Set down the data below without change, skipping the pictures it holds.
┏━━
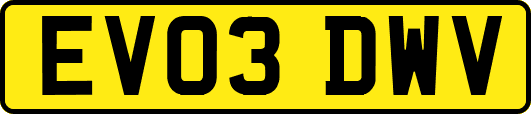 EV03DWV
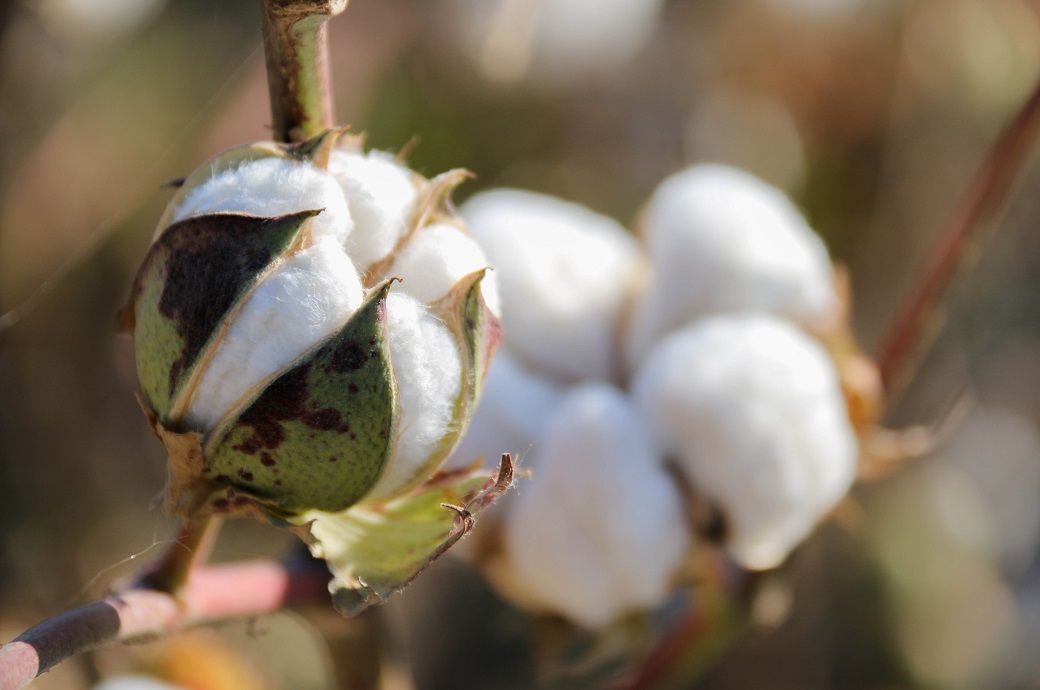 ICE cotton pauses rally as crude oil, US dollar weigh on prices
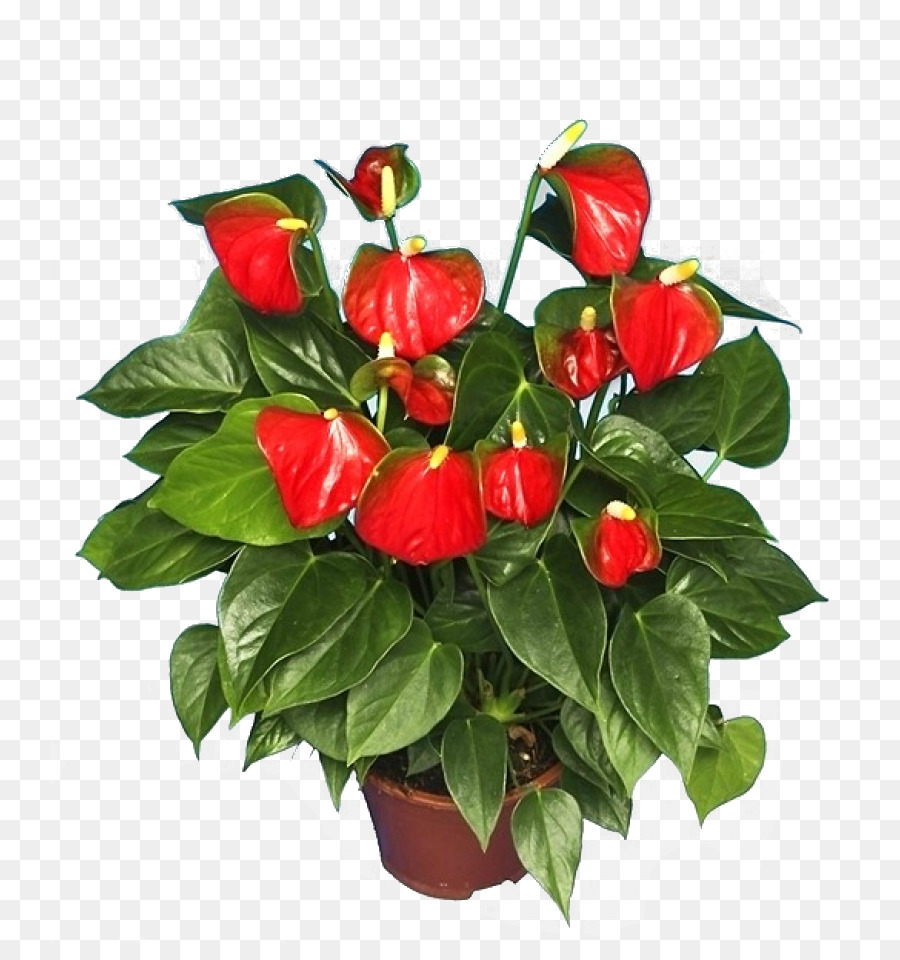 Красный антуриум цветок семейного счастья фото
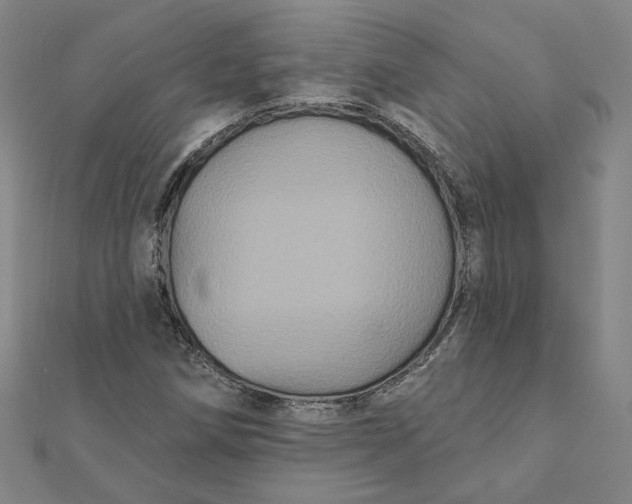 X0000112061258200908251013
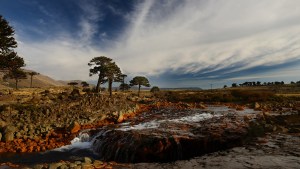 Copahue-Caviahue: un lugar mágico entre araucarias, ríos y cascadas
┗━━
> Solution to the exercise:
 EV03DWV
 ICE cotton pauses rally as crude oil, US dollar weigh on prices
 Красный антуриум цветок семейного счастья фото
 X0000112061258200908251013
 Copahue-Caviahue: un lugar mágico entre araucarias, ríos y cascadas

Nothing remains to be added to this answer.